Production, characterization and biomedical potential of biosurfactants produced by haloalkaliphilic archaea from Wadi El-Natrun, Egypt.

机构信息

Botany & Microbiology Department, Faculty of Science, Alexandria University, Alexandria, Egypt.

National Institute of Oceanography & Fisheries, NIOF-Egypt, Alexandria, Egypt.

出版信息

Microb Cell Fact. 2024 Mar 14;23(1):84. doi: 10.1186/s12934-024-02351-y.

DOI:10.1186/s12934-024-02351-y
PMID:38486239
原文链接:https://pmc.ncbi.nlm.nih.gov/articles/PMC10941367/
Abstract

Extreme halophilic archaea that can live in high saline environments can offer potential applications in different biotechnological fields. This study delves into the fascinating field of halophilic archaea and their ability to produce biosurfactants. Some strains of haloarchaea were isolated from Wadi El-Natrun and were screened for biosurfactants production in a standard basal medium using emulsification index assay. Two strains were chosen as the potential strains for surface tension reduction. They were identified as Natrialba sp. BG1 and N3. The biosurfactants production was optimized and the produced emulsifiers were partially purified and identified using FTIR and NMR. Sequential statistical optimization, Plackett-Burman (PB) and Box-Behnken Designs (BBD) were carried out using 5 factors: oil, NaCl, casamino acids, pH, and inoculum size. The most significant factors were used for the next Response Surface Methodology experiment. The final optimal conditions for biosurfactants production were the inoculum size 2% pH 11 and NaCl 250 g/L, for Natrialba sp. BG1 and inoculum size 2.2%, pH 10 and NaCl 100 g/L for Natrialba sp. N3. The produced biosurfactants were tested for wound healing and the results indicated that Natrialba sp. BG1 biosurfactants is more efficient than Natrialba sp. N3 biosurfactants. Biosurfactants extracts were tested for their cytotoxic effects on normal cell line as well as on different cancer cells using MTT assay.
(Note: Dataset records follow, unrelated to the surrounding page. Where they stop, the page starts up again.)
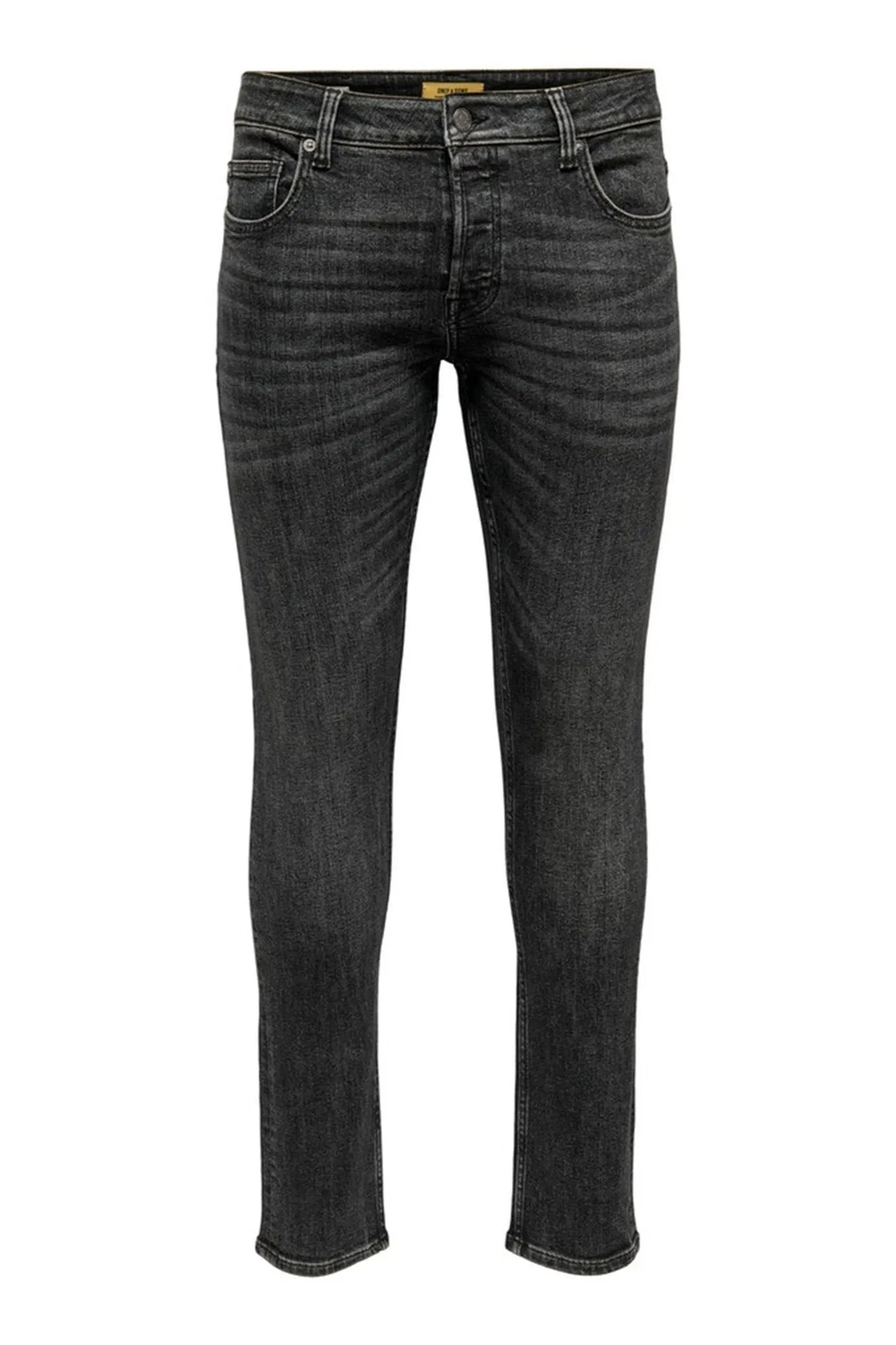 Loom Slim Black Jeans - Black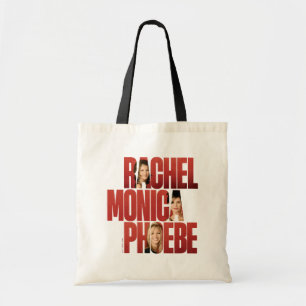 Tote Bag AMIS™   Rachel, Monica & Phoebe
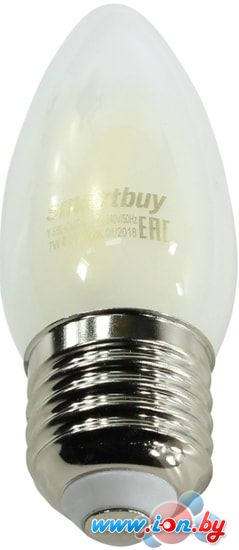 Светодиодная лампа SmartBuy SBL-C37F E27-Мат 7 Вт 4000 К в Бресте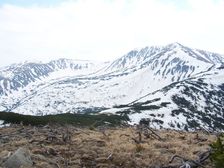 Spalena - pohlad na Chabenec a Ostredok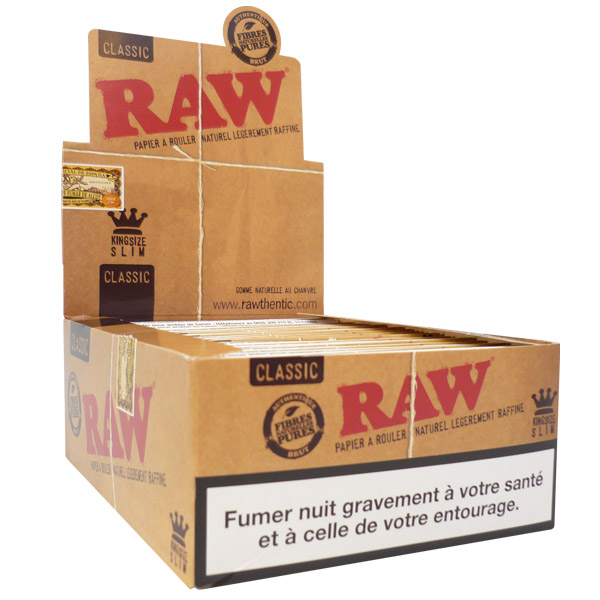 Feuilles raw slim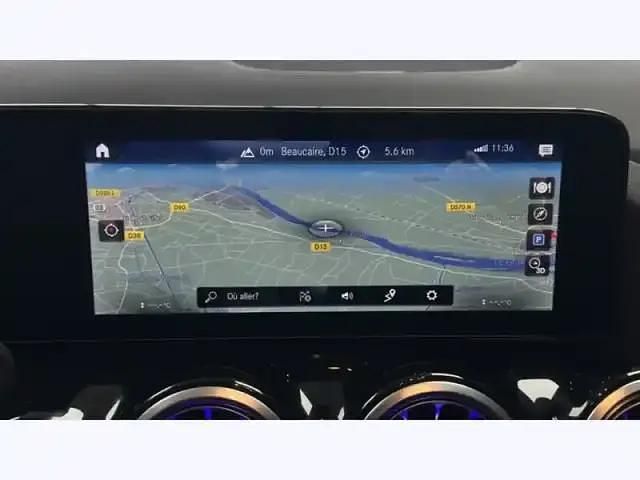 Occasion Mercedes GLA200 Progressive 2022 Noir cosmos métallisé SUV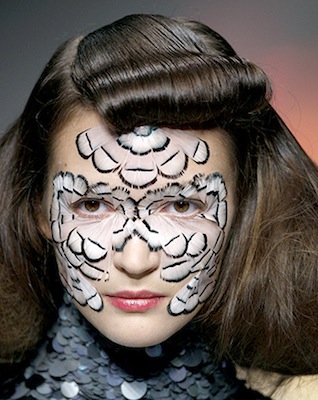 Warpaint: Alexander McQueen and Make-Up image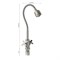 Смеситель кухонный, металокерамика, гибкий излив, из нержавеющей стали марки 304, серии СТАНДАРТ - фото 39279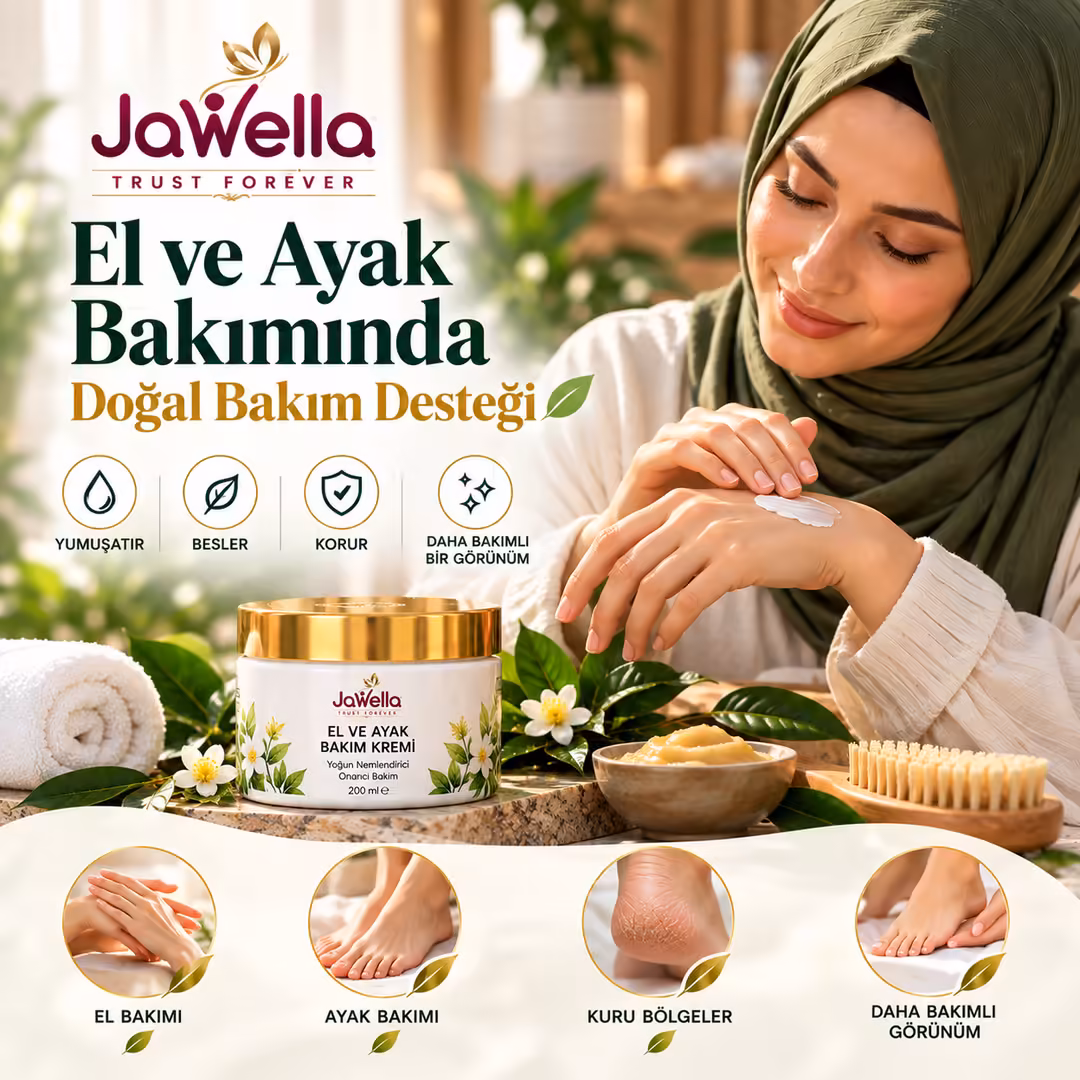 El ve Ayak Bakım Ürünleri ile Günlük Bakım Desteği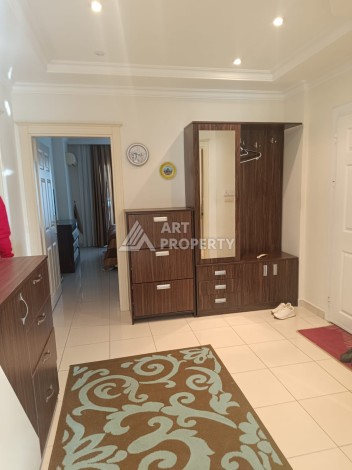 Большая квартира 2+1 с видом на бассейн. До моря 700 метров. - Ракурс 68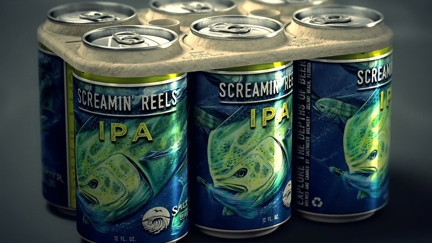 Screaming Reels beer saves the planet!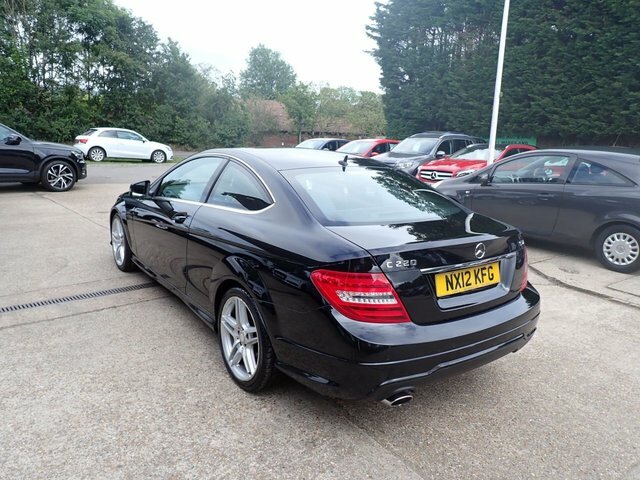 Mercedes-Benz C Class Coupe NX12KFG Black #5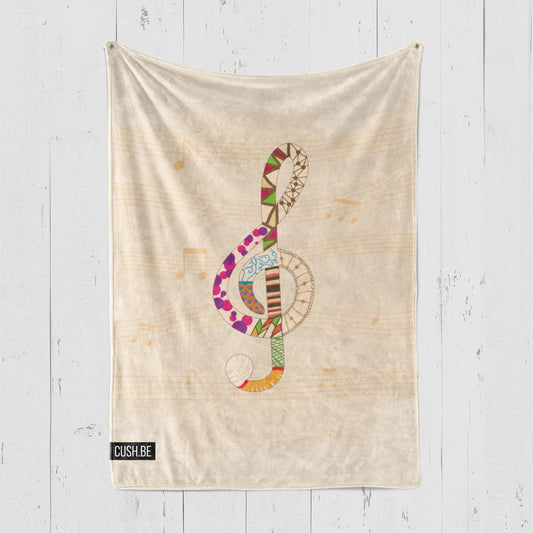 Одеяло Сол ключ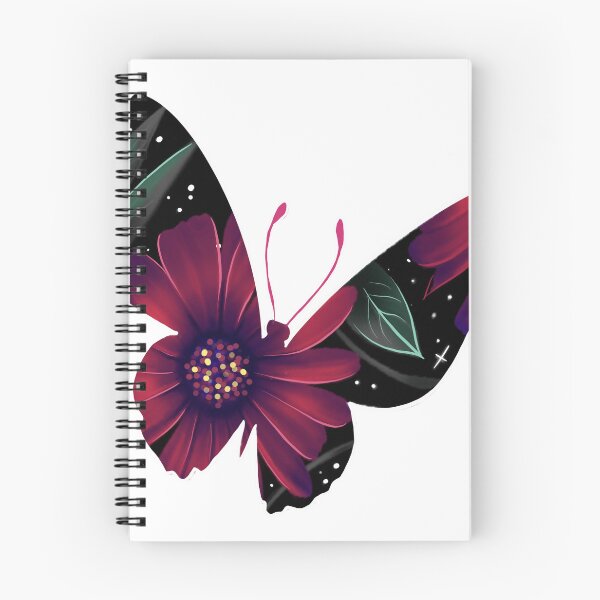 Item preview, Butterfly With Flowers  designed and sold by Ketrinartistka.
The findings demonstrated that varying concentrations of the biosurfactants (31.25, 62.5, 125, 250, 500 and 1000 µg/mL) exhibited cytotoxic effects on the cell lines being tested. Additionally, the outcomes unveiled the presence of anti-inflammatory and antioxidant properties for both biosurfactants. Consequently, they could potentially serve as natural, safe, and efficient novel agents for combating cancer, promoting wound healing, and providing anti-inflammatory and antioxidant benefits.

摘要

能够在高盐环境中生存的极端嗜盐古菌在不同的生物技术领域具有潜在的应用价值。本研究深入探讨了嗜盐古菌的迷人领域及其产生生物表面活性剂的能力。从瓦迪纳特伦(Wadi El-Natrun)分离出一些嗜盐古菌菌株,并在标准基础培养基中使用乳化指数测定法筛选生物表面活性剂的产生。选择了两种菌株作为表面张力降低的潜在菌株。它们被鉴定为 Natrialba sp. BG1 和 N3。优化了生物表面活性剂的产生,并使用 FTIR 和 NMR 对产生的乳化剂进行了部分纯化和鉴定。使用 5 个因素:油、NaCl、水解蛋白、pH 和接种量,进行了顺序统计优化、Plackett-Burman (PB) 和 Box-Behnken 设计 (BBD)。使用最显著的因素进行了下一个响应面方法实验。Natrialba sp. BG1 的最佳条件为接种量 2%、pH 11 和 NaCl 250 g/L,Natrialba sp. N3 的最佳条件为接种量 2.2%、pH 10 和 NaCl 100 g/L。所产生的生物表面活性剂用于伤口愈合测试,结果表明 Natrialba sp. BG1 生物表面活性剂比 Natrialba sp. N3 生物表面活性剂更有效。使用 MTT 测定法测试生物表面活性剂提取物对正常细胞系以及不同癌细胞的细胞毒性作用。结果表明,生物表面活性剂的不同浓度(31.25、62.5、125、250、500 和 1000 µg/mL)对测试的细胞系表现出细胞毒性作用。此外,研究结果揭示了两种生物表面活性剂都具有抗炎和抗氧化特性。因此,它们可能作为天然、安全、有效的新型抗癌、促进伤口愈合以及提供抗炎和抗氧化益处的药物。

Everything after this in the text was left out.